# Task goal:
Give back the lines below exactly, but do not include any pictures.

# Supplied data:
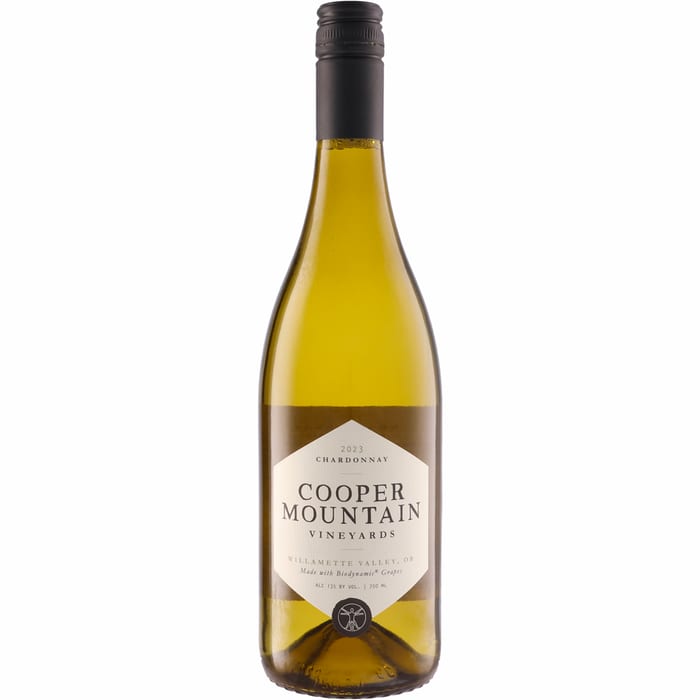 ●クーパー マウンテン ヴィンヤーズ シャルドネ ウィラメット ヴァレー  750ml 白Cooper Mountain Vineyards Chardonnay Willamette Valley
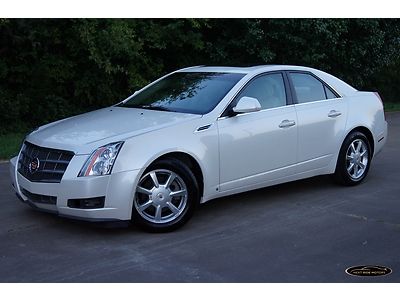 5-days *no reserve* '08 cadillac cts 1-owner off lease nav bose pano roof onstar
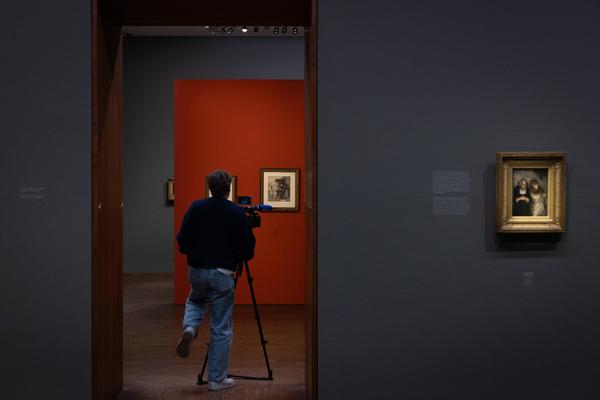 Honoré Daumier "Spiegel der Gesellschaft" (Albertina, 6.2. - 25.5.2026) Foto: eSeL.at - Lorenz Seidler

# Task output:
 ●クーパー マウンテン ヴィンヤーズ シャルドネ ウィラメット ヴァレー  750ml 白Cooper Mountain Vineyards Chardonnay Willamette Valley
 5-days *no reserve* '08 cadillac cts 1-owner off lease nav bose pano roof onstar
 Honoré Daumier "Spiegel der Gesellschaft" (Albertina, 6.2. - 25.5.2026) Foto: eSeL.at - Lorenz Seidler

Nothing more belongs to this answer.